There was one new entrant into the top-20 ranking in 1Q16—U.S.-based fabless supplier AMD.  AMD had a particularly rough 1Q16 and saw its sales drop 19% year-over-year to $832 million, which was about half the $1,589 million in sales the company logged just over two years ago in 4Q13.  Although AMD did not have a good 1Q16, Japan-based Sharp, the only company that fell from the top-20 ranking, faired even worse with its 1Q16/1Q15 sales plunging by 30%!

In order to allow for more useful year-over-year comparisons, acquired/merged semiconductor company sales results were combined for both 1Q15 and 1Q16, regardless of when the acquisition or merger occurred.  For example, although Intel’s acquisition of Altera did not close until late December of 2015, Altera’s 1Q15 sales ($435 million) were added to Intel’s 1Q15 sales ($11,632 million) to come up with the $12,067 million shown in Figure 1 for Intel’s 1Q15 sales.  The same method was used to calculate the 1Q15 sales for Broadcom Ltd. (Avago/Broadcom), NXP (NXP/Freescale), and GlobalFoundries (GlobalFoundries/IBM).

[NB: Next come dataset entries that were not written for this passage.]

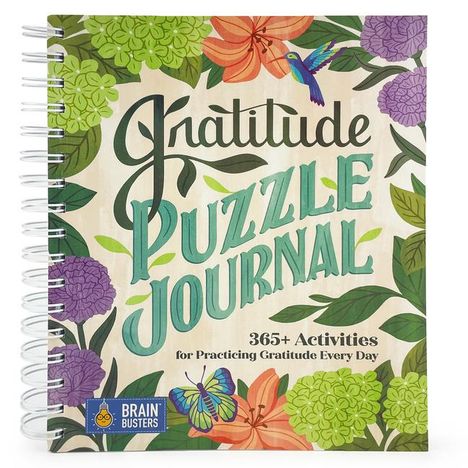 Gratitude Puzzle Journal, Buch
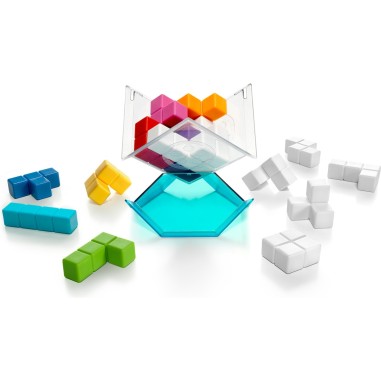 Cubiq - Jeu de logique et de réflexion - Smartgames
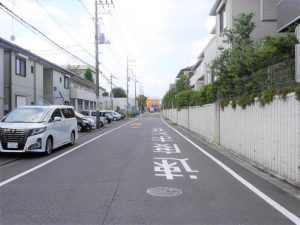 物件近隣道路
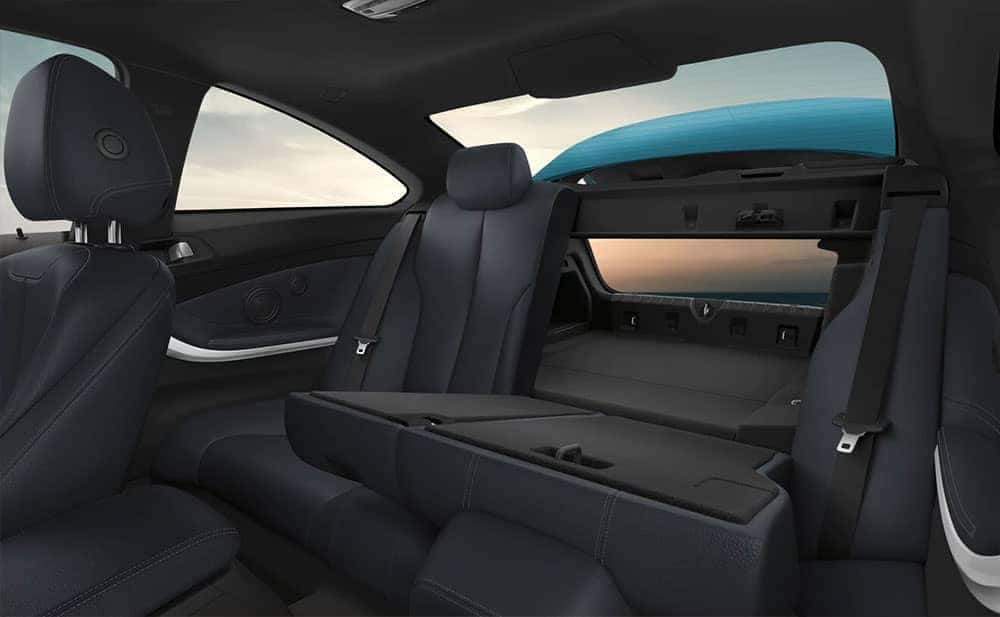 2019 BMW 4 Series Seating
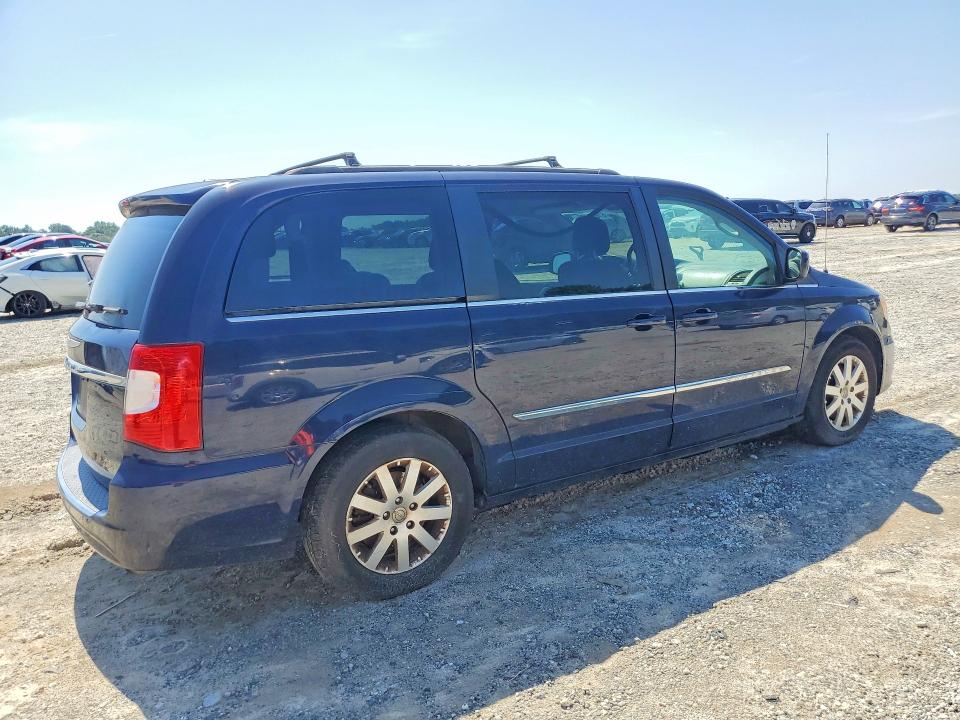 61623406 :رقم المزاد ، 2C4RC1BG5FR696559 vin ، 2015 Chrysler Town & Country مزاد بيع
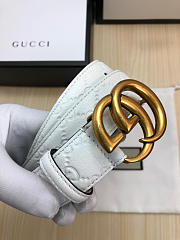 Gucci Belt White - 5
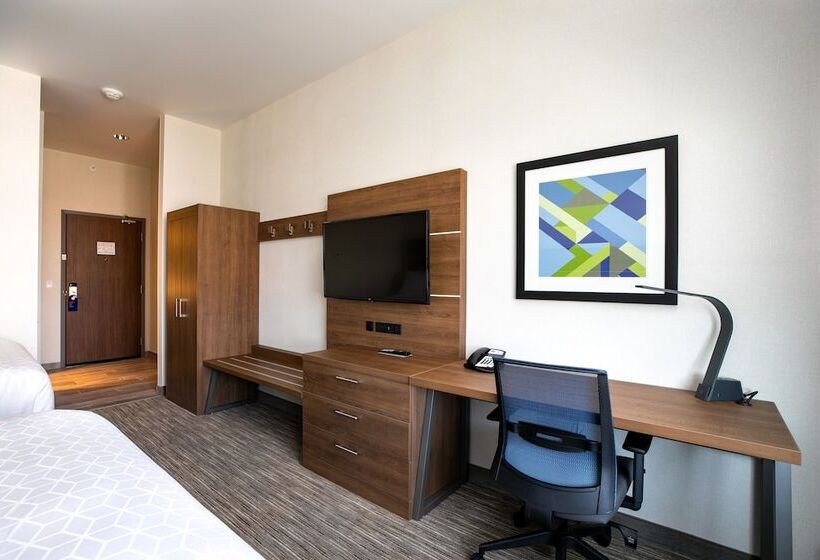 اتاق استاندارد با 2 تخت دوبل, Holiday Inn Express Lethbridge Southeast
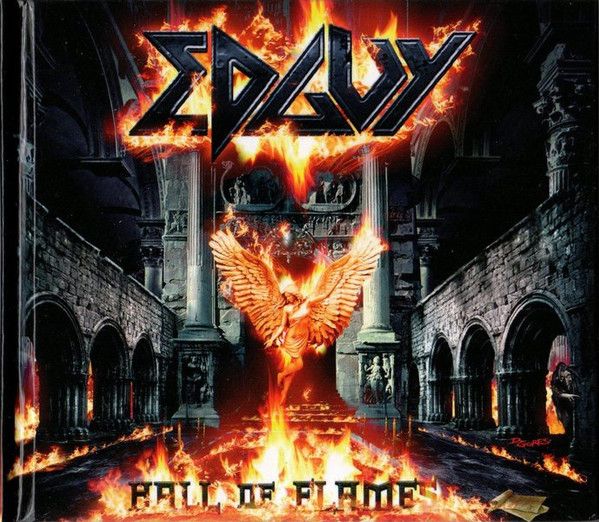 Edguy – Hall Of Flames, CD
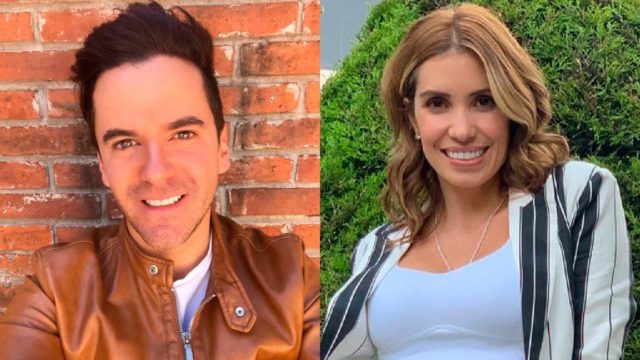 Andrea Escalona y Mauricio Mancera en Hoy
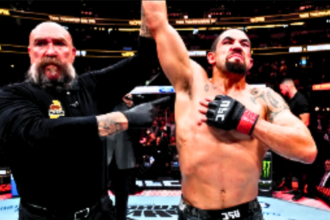 “Robert Whittaker Joins $5M Sparring Session with Boxing Star”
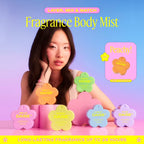 DAISE Peachy Daise Fragrance Body Mist in Berry & Mandarin, 3.3 fl oz/100 ml, spritz, spray, perfume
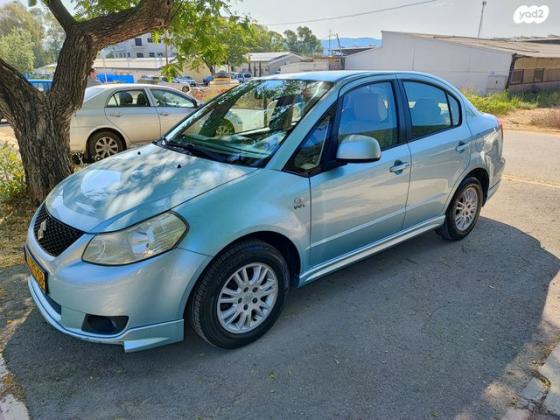 סוזוקי SX4 GLX סדאן אוט' 1.6 (107 כ''ס) בנזין 2009 למכירה בחיפה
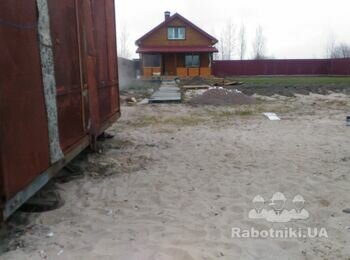 Укладка тротуарной плитки "Старый город" + бордюры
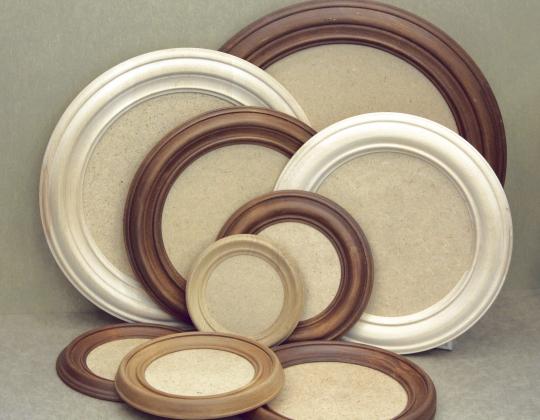 768950 картинка каталога «Производство России». Продукция Круглые и овальные рамы из масива дуба и бука, г.Санкт-Петербург 2025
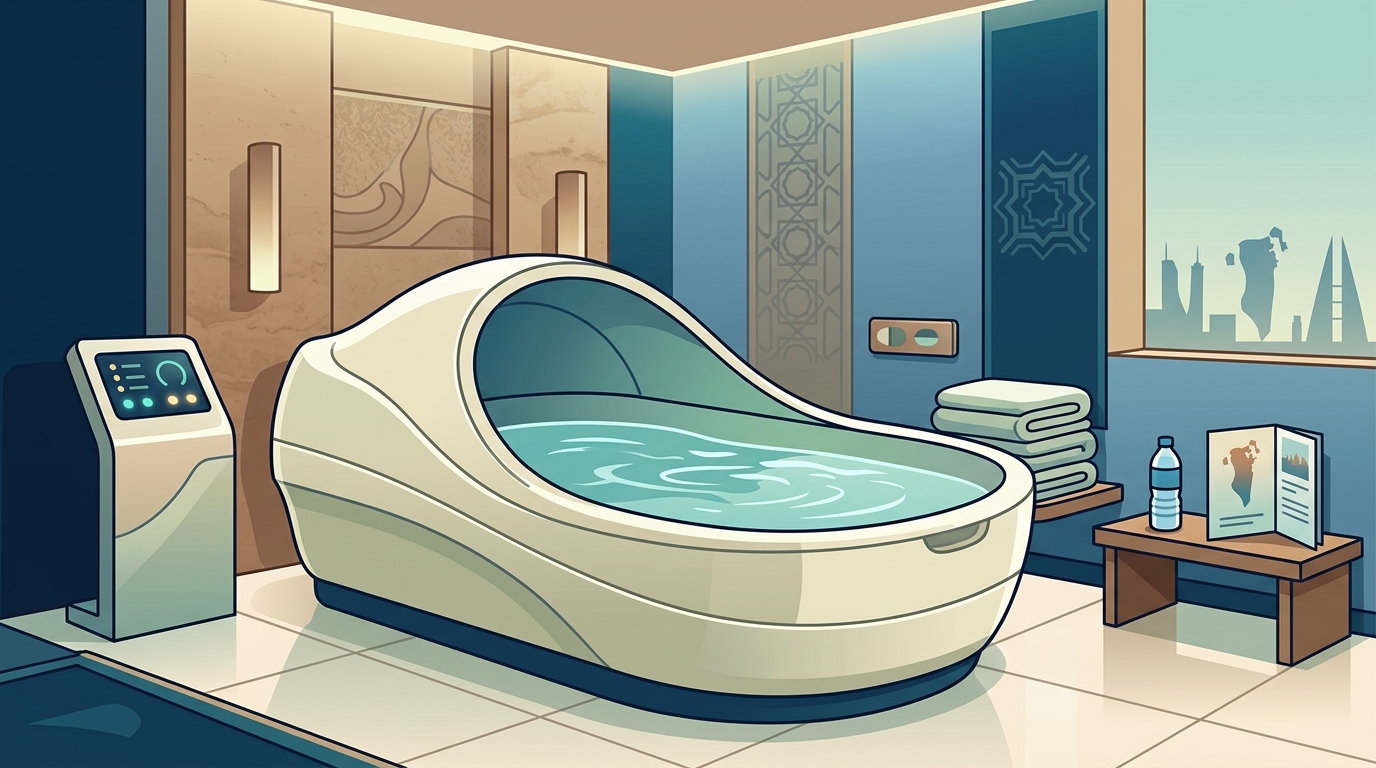 Where to Do Float Tank Therapy in Bahrain: The 2026 Guide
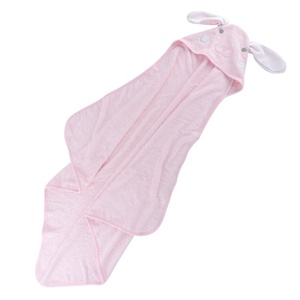 100% Bamboo Custom Print <strong>Pink</strong> Color Baby <strong>Bath</strong> <strong>Towel</strong> Baby Hooded Bamboo <strong>Towel</strong> - Product Image 4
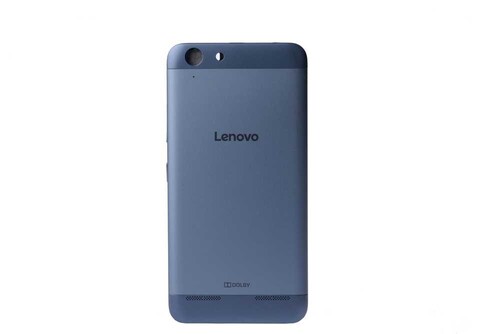 Lenovo K5 Plus A6020a46 Kasa Kapak Siyah - Thumbnail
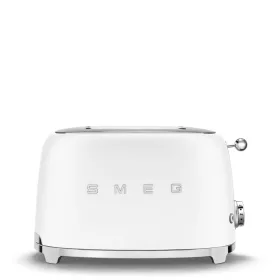   Smeg kenyérpirító 2 szeletes, 50-es évek design (matt fehér) TSF01WHMEU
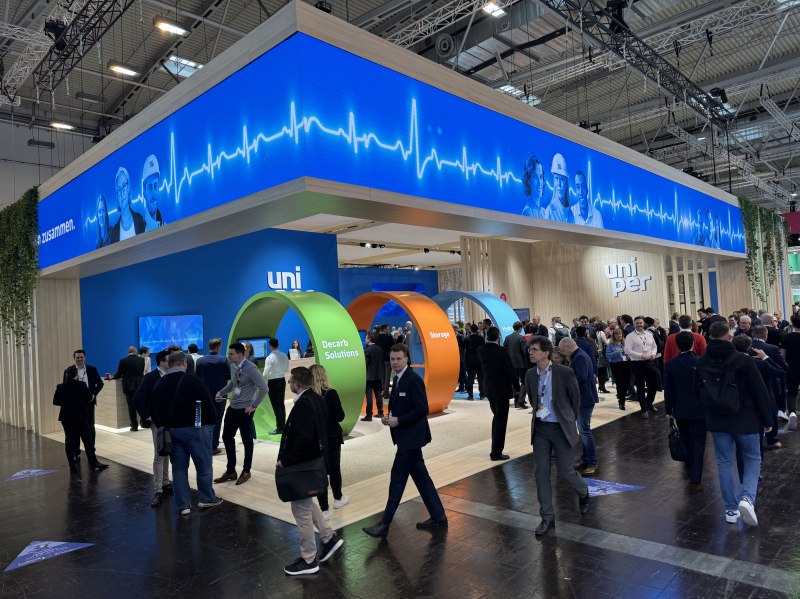 Uniper Messestand - Copyright Aventem, &copy; Aventem GmbH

Apple is an anomaly in the top-20 ranking with regards to major semiconductor suppliers. The company designs and uses its processors only in its own products—there are no sales of the company’s MPUs to other system makers. Apple’s custom ARM-based SoC processors had a “sales value” of $1,390 million in 1Q16, up 10% from $1,260 million in 1Q15.  Apple’s MPUs have been used in 13 iPhone handset designs since 2007 and a dozen iPad tablet models since 2010 as well as in iPod portable media players, smartwatches, and Apple TV units.  Apple’s custom processors—such as the 64-bit A9 used in iPhone 6s and 6s Plus handsets introduced in September 2015 and the new iPhone 6SE launched in March 2016—are made by pure-play foundry TSMC and IDM foundry Samsung.

Intel remained firmly in control of the number one spot in 1Q16.  In fact, it increased its lead over Samsung’s semiconductor sales from 29% in 1Q15 to 40% in 1Q16.  The biggest moves in the ranking were made by the new Broadcom Ltd. (Avago/Broadcom) and Nvidia, each of which jumped up three positions in 1Q16 as compared to 1Q15.

As would be expected, given the possible acquisitions and mergers that could/will occur this year (e.g., Microchip/Atmel), as well as any new ones that may develop, the top-20 semiconductor ranking is likely to undergo a significant amount of upheaval over the next few years as the semiconductor industry continues along its path to maturity.